Premièrement, le bas niveau des prix du pétrole et du gaz a entraîné une contraction des recettes publiques. En outre, dans la mesure où les sociétés pétrolières et gazières se sont effectivement montrées très résistantes durant la crise grâce à leur nature exportatrice, les pouvoirs publics envisagent d’augmenter les taxes sur ce secteur.
Deuxièmement, les sanctions ont empêché la Russie de solliciter le marché obligataire dans les proportions nécessaires pour combler le déficit budgétaire. Par conséquent, les pouvoirs publics envisagent d’augmenter le ratio de distribution des entreprises publiques de 25 % à 50 %. Pour les entreprises pétrolières et gazières publiques, cette décision pourrait grever davantage les flux de trésorerie. Indirectement, le secteur privé (et en particulier les aciéries) pourrait également être touché si les pressions sur les flux de trésorerie des entreprises entraînent une réduction des investissements publics et une contraction de la demande sous-jacente.
Compte tenu de cette possible détérioration, les entreprises devront alors puiser dans leurs soldes de trésorerie et le refinancement des plus de 20 milliards de dollars d’obligations d’entreprises libellées en devise forte arrivant à échéance en 2018 pourrait devenir plus problématique pour certains émetteurs.
On peut en conclure qu’il sera essentiel de savoir différencier les obligations privées.
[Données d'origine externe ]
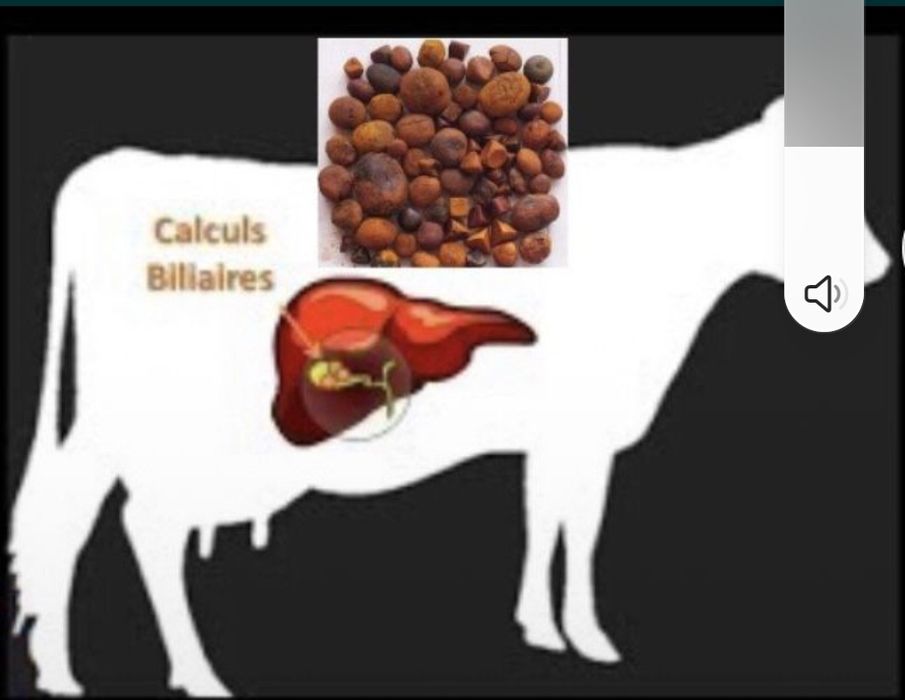 Шкуры шкуры коровы козьи баранина кишки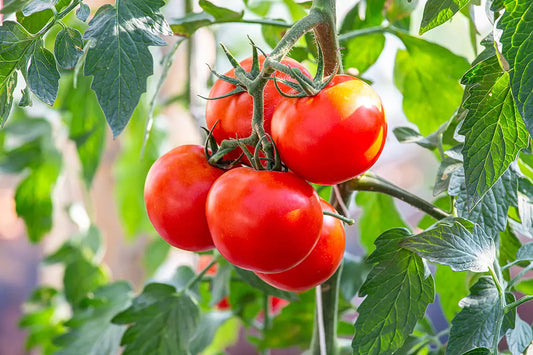 August Seasonal Eats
Contrairement à l’attrait qu’inspirait la situation macroéconomique de la Russie de 2015, les investisseurs devront se montrer plus sélectifs dans leurs choix d’obligations, car les impacts à long terme entraîneront probablement des divergences de profil de crédit au sein de l’univers des obligations d’entreprises russes.
Enfin, il est néanmoins impossible d’exclure une évolution de la situation macroéconomique cette année, si les prix du pétrole rebondissent fortement (facteur haussier) ou, sachant que la politique russe a toujours pris les investisseurs à contre-pied, si les tensions géopolitiques se raniment (facteur baissier).